Output only the lines from the line holding "Green-crowned Brilliant - ML628375612" through the close of the records, exactly as they appear, with all pictures omitted.

Source data:
********************

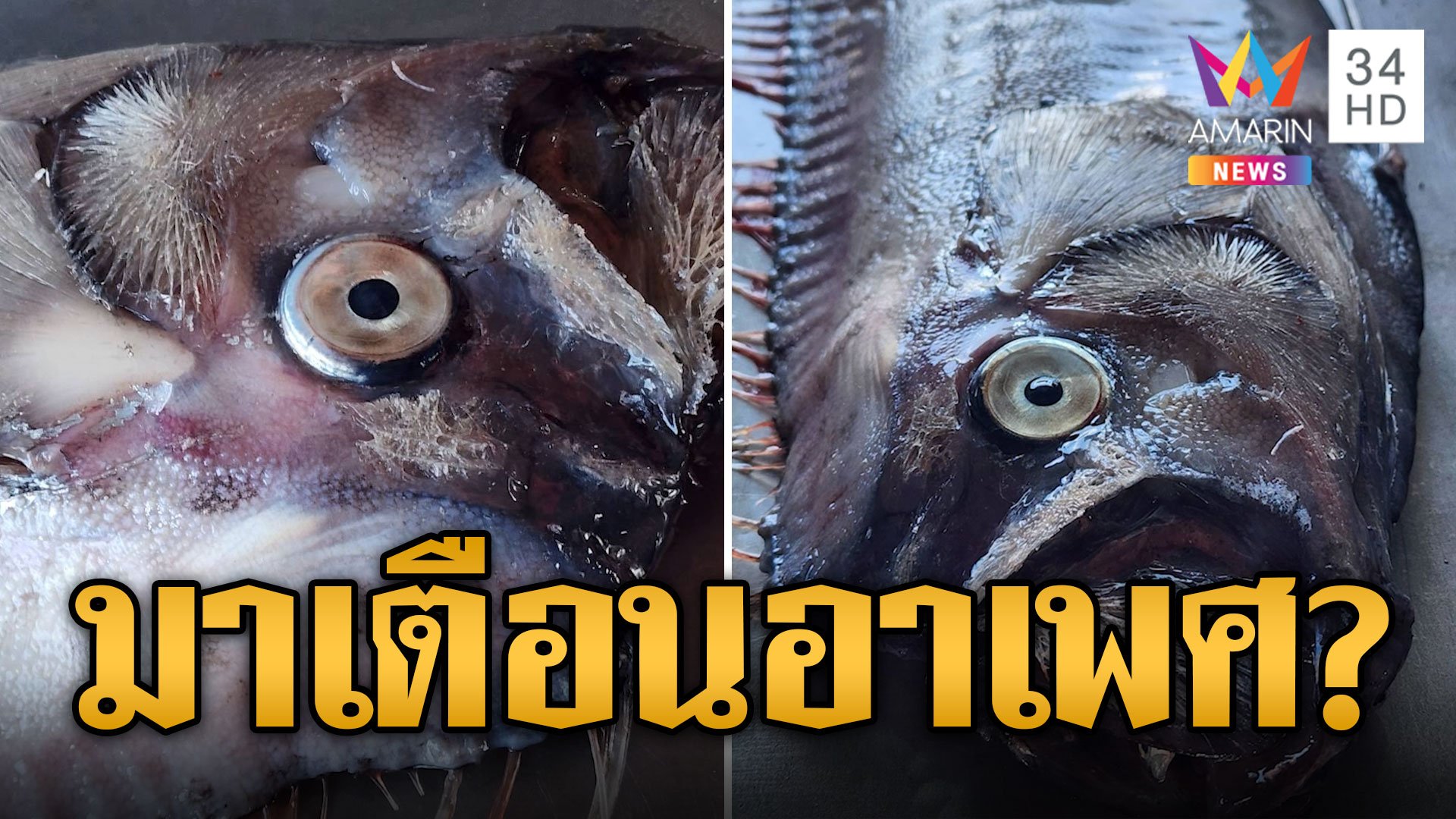 สัญญาณเตือน? ปลาพญานาคโผล่ทะเลไทย เชื่อจะเกิดอาเพศ | ข่าวอรุณอมรินทร์ | 5 ม.ค. 67 | AMARIN TVHD34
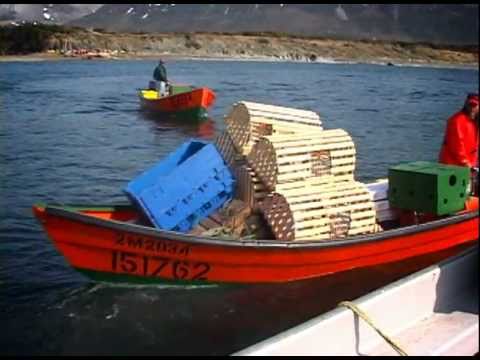 Voir le vidéo
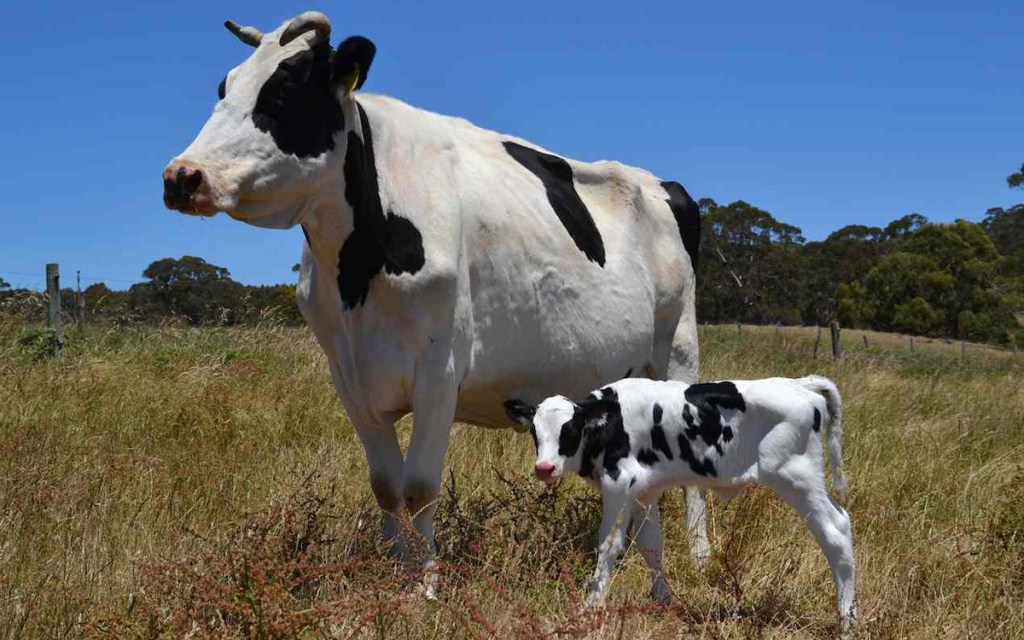 Thumbnail for SA organic dairy struggles to meet sky-rocketing demand
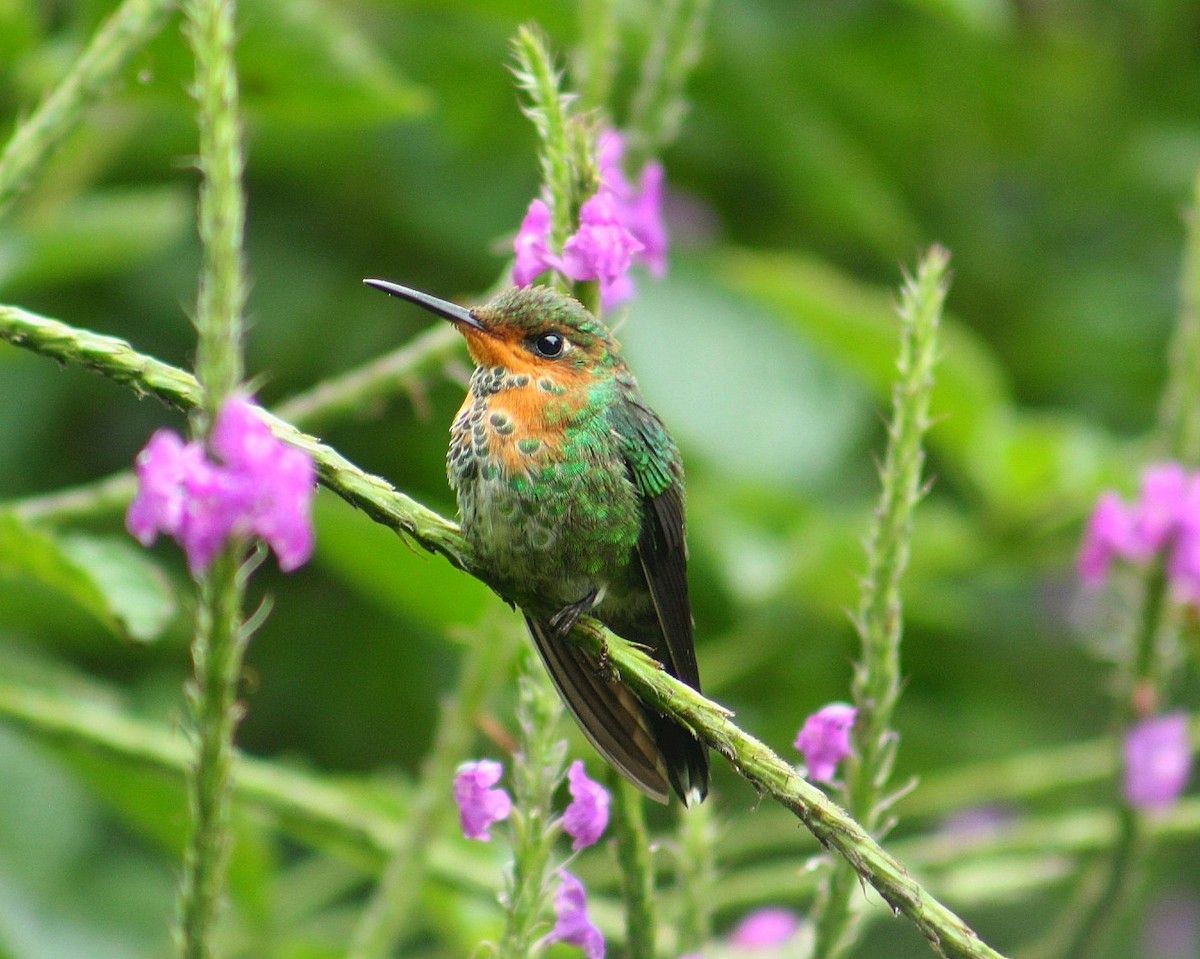 Green-crowned Brilliant - ML628375612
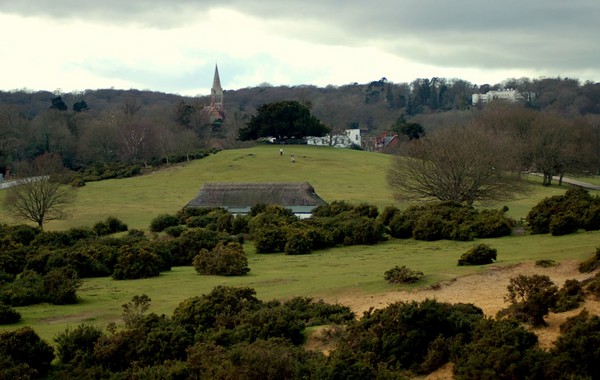 Lyndhurst, New Forest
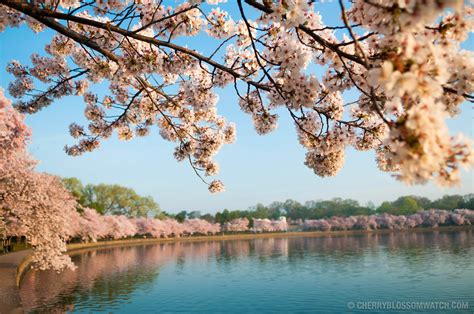 Cherry Blossoms At The Tidal Basin In Washington Dc Cherry Blossom Washington Dc Dc Travel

********************

**FINAL ANSWER**.
 Green-crowned Brilliant - ML628375612
 Lyndhurst, New Forest
 Cherry Blossoms At The Tidal Basin In Washington Dc Cherry Blossom Washington Dc Dc Travel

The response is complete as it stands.